Pieter Scheen (1980)

Gepubliceerd op 29-01-2021

Tavenraat, johannes

betekenis & definitie

Geb. Rotterdam 20 maart 1809, overl.

Rotterdam 2 april 1881. Zou aanvankelijk in de handel gaan en schilderde uit liefhebberij bij het genootschap ‘Hierdoor tot Hooger’ ter plaatse olv. C. Bakker. Onderging invloed van W. H.

Schmidt. In 1839 legde hij zich geheel op de schilderkunst toe. Maakte studiereizen naar België, Engeland, Duitsland en Tirol. Woonde in 1842-1846 in België en werkte daar met E. de Block. Vestigde zich in 1846 te Materborn bij Kleef Maakte van hier uit reizen naar het buitenland (Moravië, Bohemen enz.). In 1860 ging hij te Rotterdam wonen.

Schilderde landschappen (veel bergachtige), altijd met figuren of dieren gestoffeerd. Veel voorkomende onderwerpen waren: jachttafereel, plaggenhut op de heide, ondergaande zon, opkomende onweersbui, waterval, bosrand. Zijn vele pentekeningen hadden tot onderwerp: drijvers en stropers in karikatuur, verder jachthonden en vluchtende herten en hazen. Ook vervaardigde hij 11 etsen en een lithografie.Tentoonstellingen Den Haag 1841-1878 en Leeuwarden 1855, tevens enkele Amsterdamse tentoonstellingen: trekvogels; heide met wild; tientallen landschappen met jagers en wild; landschappen bij Kleef; enz

AMSTERDAM -Rijksprentenkabinet: tekening(en). HEINO -Stichting Hannema-De Stuers: schuur bij Ginneken. LEIDEN -Stedelijk Museum De Lakenhal: twee tekeningen (vermeld op naam van Bakker Korfï). oss -Jan Cunenmuseum: jachtpartij in het Rijnland. ROTTERDAM -Museum Boymans-van Beuningen: heidelandschap met denneboom, na de regen (gem. Tavenraat 1845); een aantal olieverfschetsen en potloodstudies.SCHIPLUIDEN -Reghthuis ’t Schou: een collectie schilderijen en tekeningen.
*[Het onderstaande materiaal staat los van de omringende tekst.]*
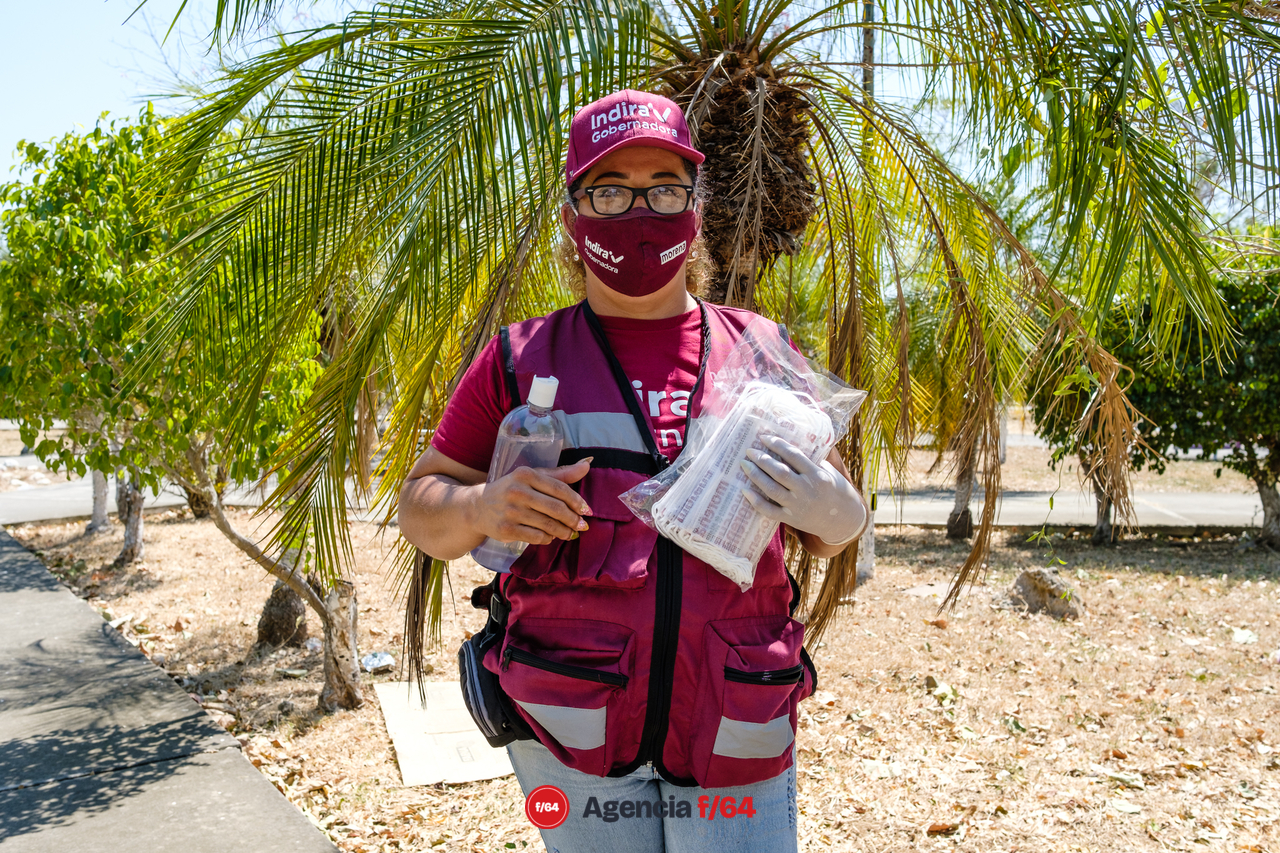 En todos los ligares donde se presentó Indira Vizcaíno con los vecinos de las comunidades rurales se aplicó gel antibacterial y se ofreció cubrebocas para quienes no traían.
Tentoonstellingen Museum Boymans Rotterdam (cat. 17/10—9/11/1951); Gemeentelijke Van Reekum Galerij Apeldoorn (cat. 24/8-22/9/1968); Dordrechts Museum (cat. 1969) en Westfries Museum Hoorn (cat. 22/6-27/8/1975).

Maandblad v. Beeldende Kunsten 1951 (P. Koomen, bldz. 545-548) en 1945 (C. Veth, bldz. 178-185).

Knoef 1947 (bldz. 75-94).

Immerzeel; Kramm; Nieuw Nederlandsch Biografisch Woordenboek IX; Scheen 1946 en 1970; Thieme-Becker; Van Hall I, II en port.; Waller; Wurzbach.